→ SOURCE DATA
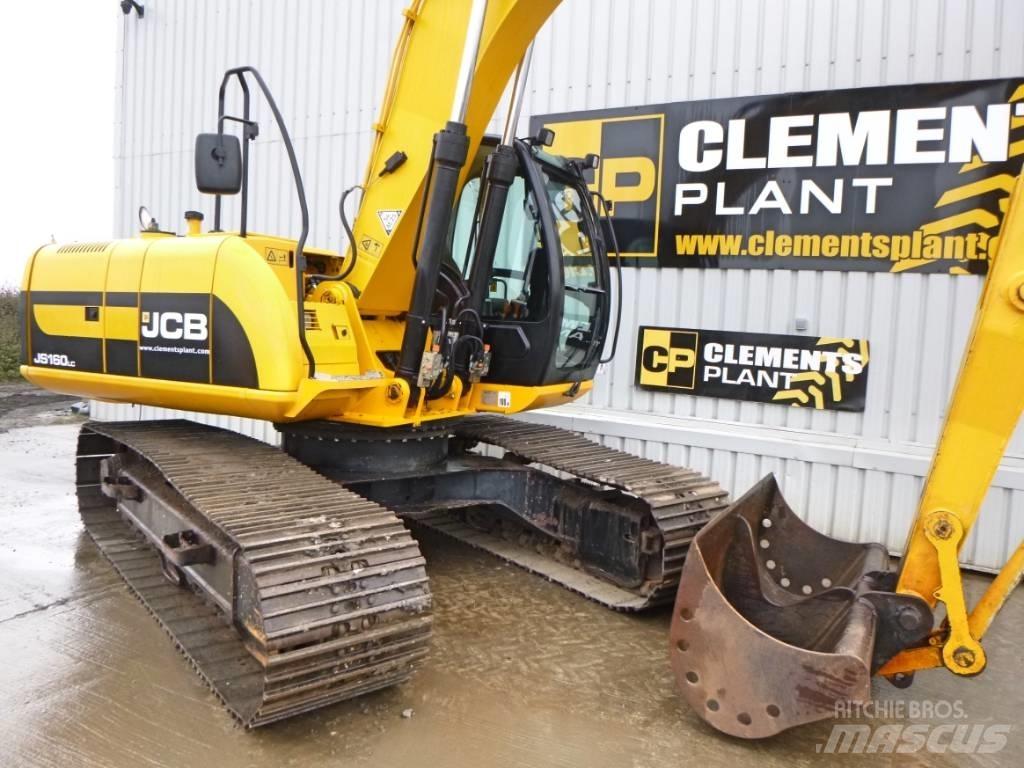 JCB JS 160 LC حفارات زحافة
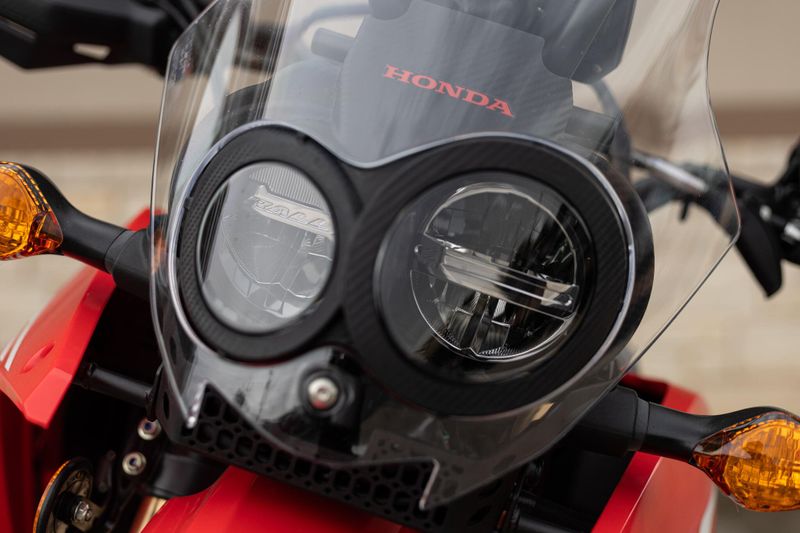 2025 Honda CRF300L RALLY ABS RED Image 13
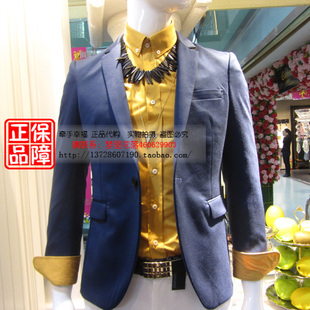  现货【专柜正品代购】太平鸟男装年春装 新款西服B1BB3143850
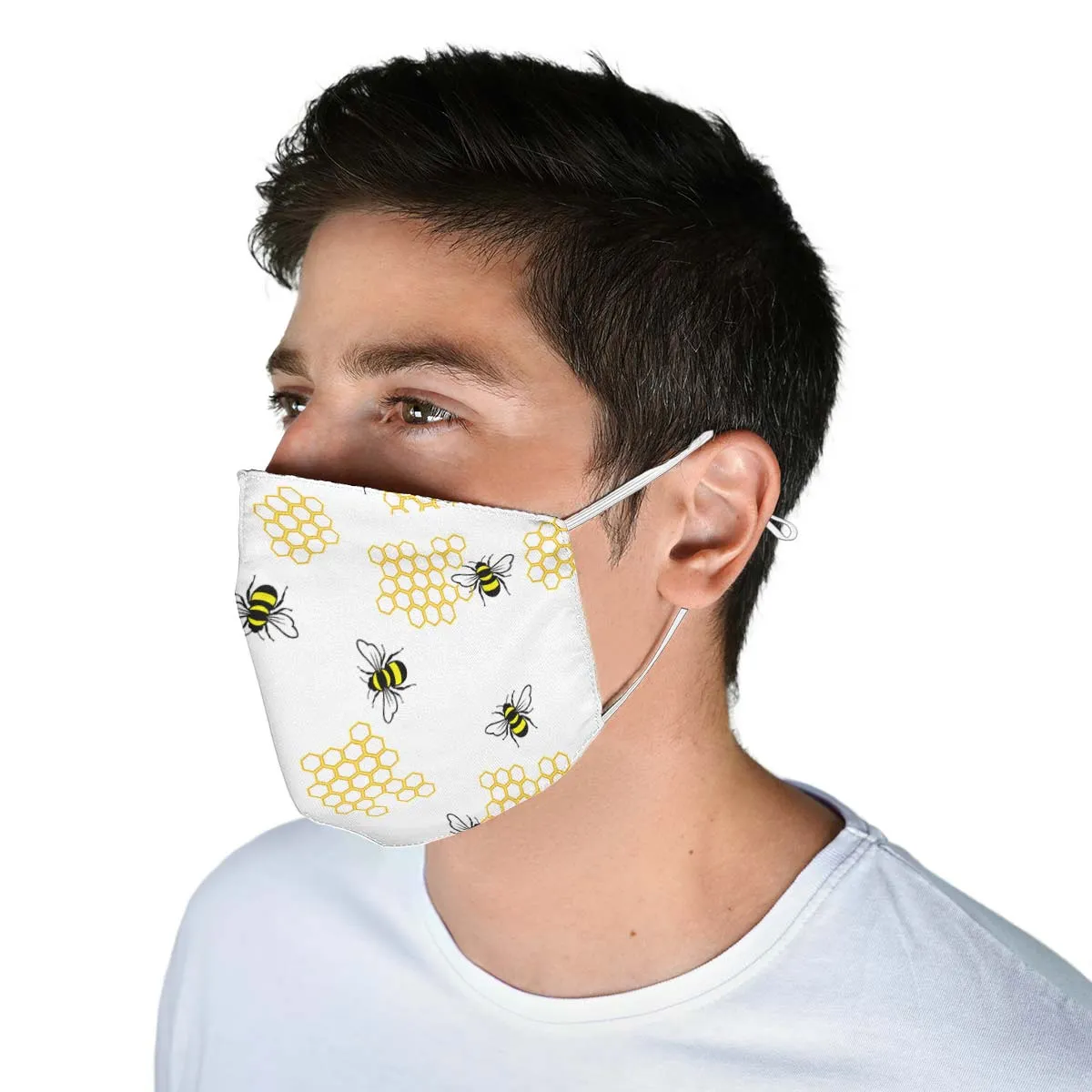 Bees Knees Face Cover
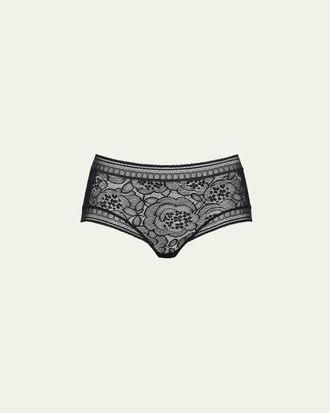 Eres Farandole Floral Lace Boyshorts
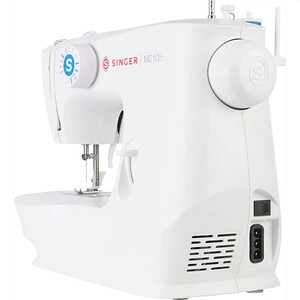 7393033102739 - SINGER Freiarm-Nähmaschine M2105 Nähmaschinen weiß Freiarm-Nähmaschinen Nähmaschinen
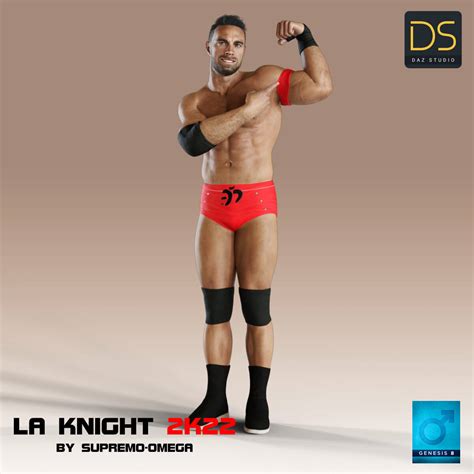 La Knight 2K22 For G8 Male Daz Content By Supremoomega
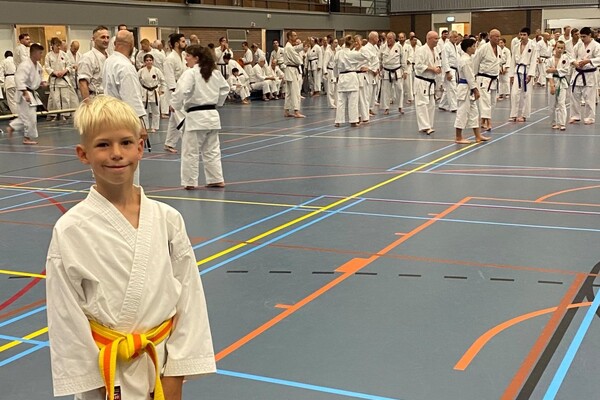 35. Europa Gasshuku in Wageningen - NL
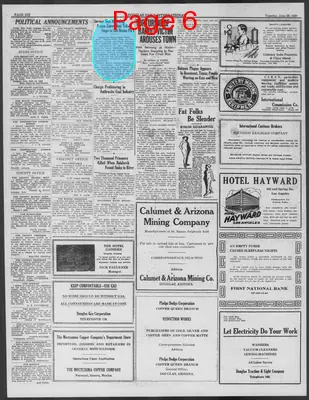 Page thumbnail for Douglas Daily International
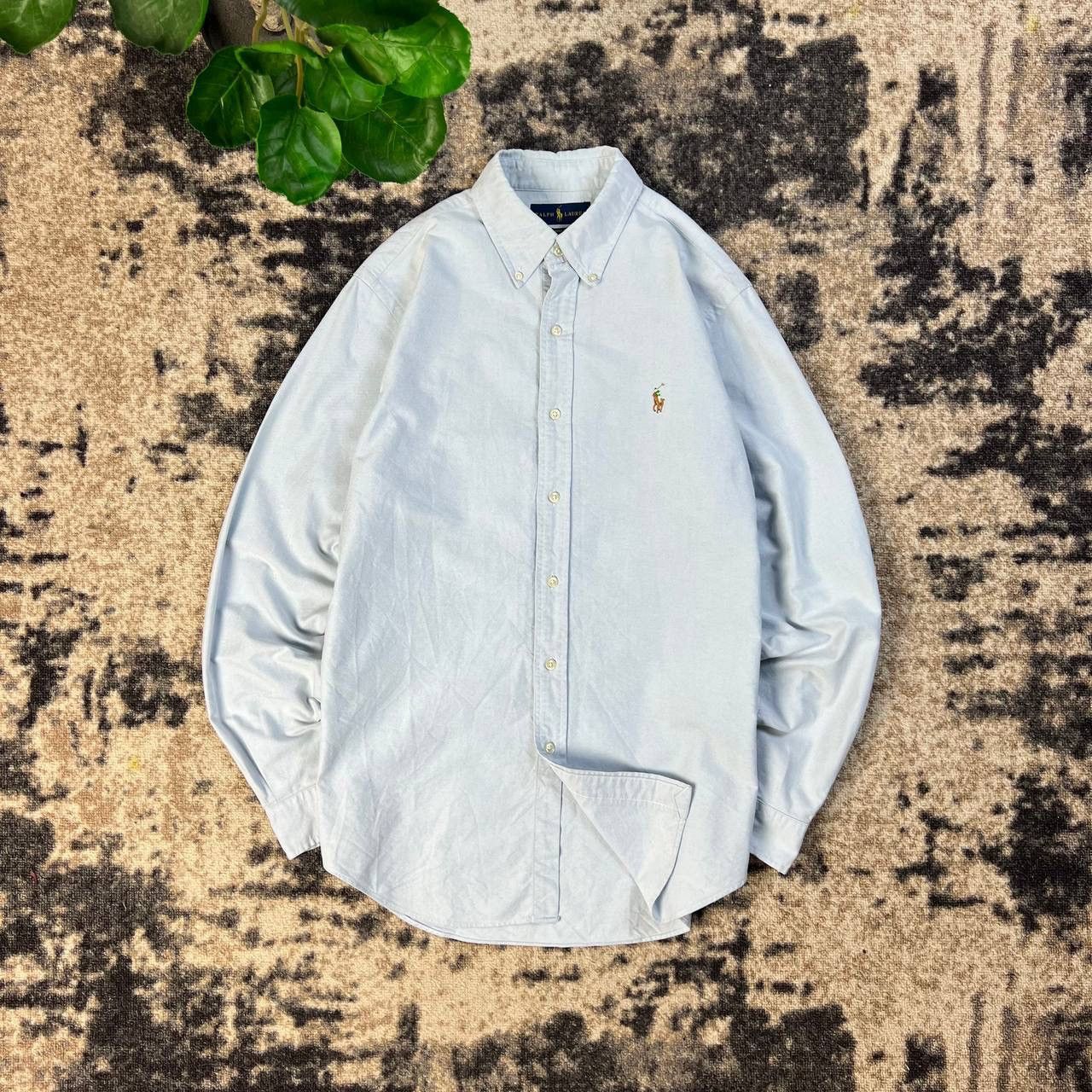 Polo Ralph Lauren Polo Ralph Lauren Luxury Mini Logo Button Up Shirt Size US M / EU 48-50 / 2 - 1 Thumbnail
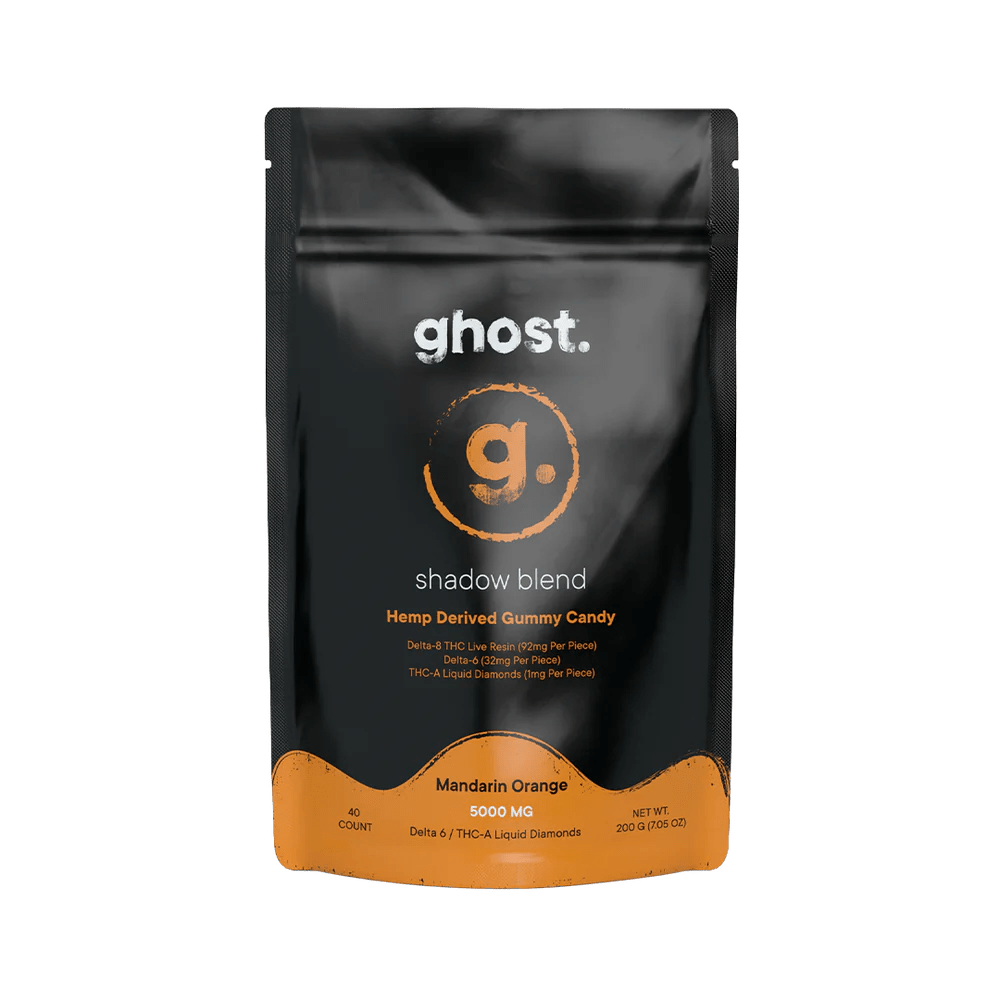 Ghost Shadow Blend Gummies | 5000mg - The Blind Tiger Wellness & Smoke Essentials | CBD & THC Dispensary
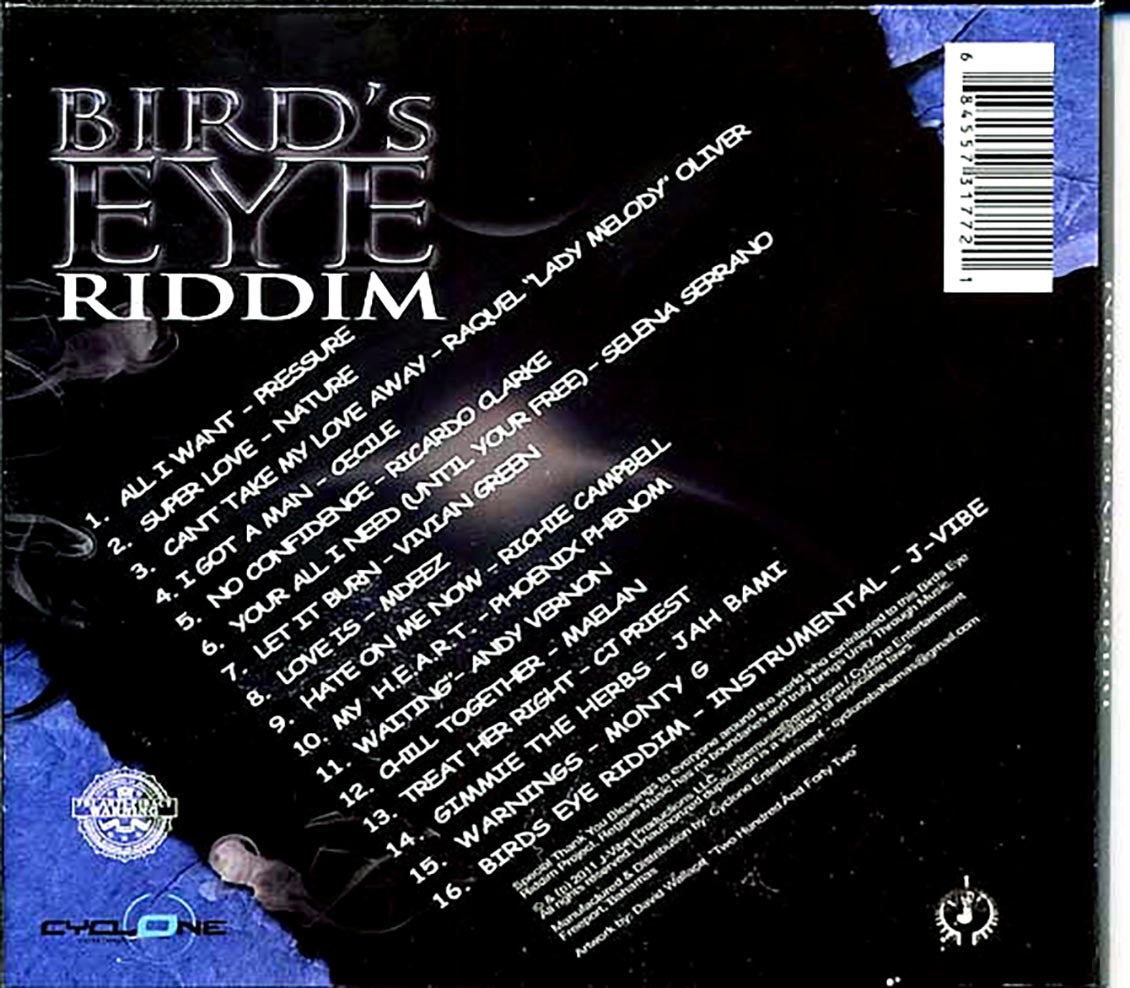 Pressure, Cecile, Monty G, Etc. - Bird's Eye Riddim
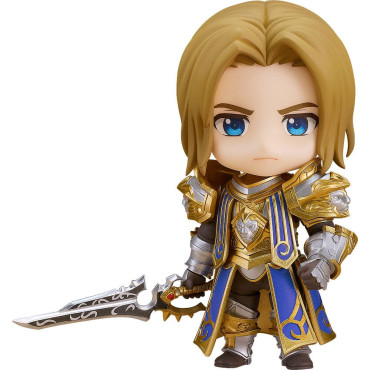 World Of Warcraft Nendoroid Anduin Wrynn Figura 10 Cm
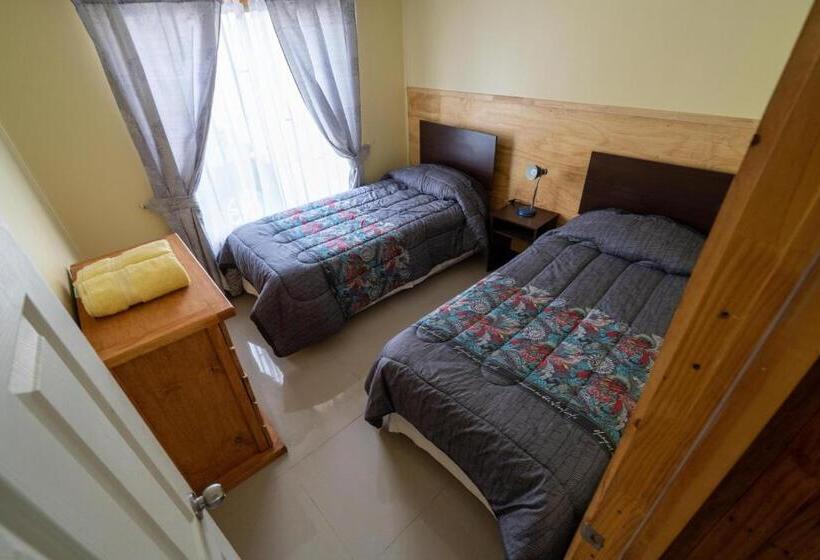 Hotelli Cabañas Rivadavia Spa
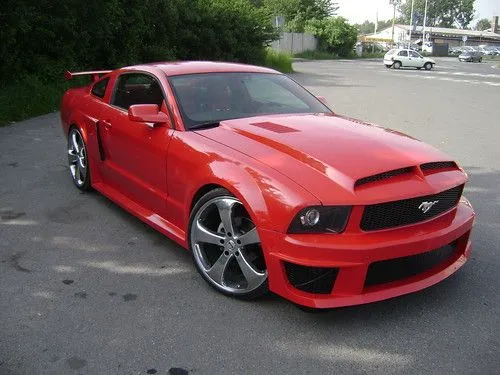 Mustang tuning - Imagui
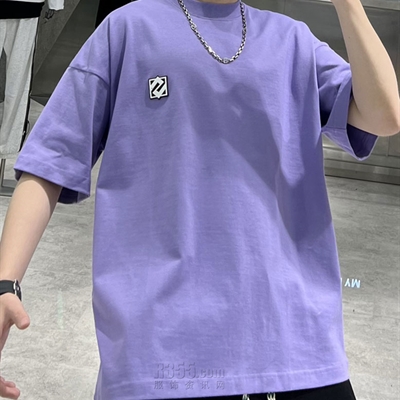 市场上装-T恤-微潮T恤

→ AIM OF THE EXERCISE
In the records above, find the line with "Polo Ralph Lauren Polo" and the line with "Hotelli Cabañas Rivadavia Spa"; please transcribe exactly those two lines and all lines between them, omitting any picture.

→ TASK SOLUTION
 Polo Ralph Lauren Polo Ralph Lauren Luxury Mini Logo Button Up Shirt Size US M / EU 48-50 / 2 - 1 Thumbnail
 Ghost Shadow Blend Gummies | 5000mg - The Blind Tiger Wellness & Smoke Essentials | CBD & THC Dispensary
 Pressure, Cecile, Monty G, Etc. - Bird's Eye Riddim
 World Of Warcraft Nendoroid Anduin Wrynn Figura 10 Cm
 Hotelli Cabañas Rivadavia Spa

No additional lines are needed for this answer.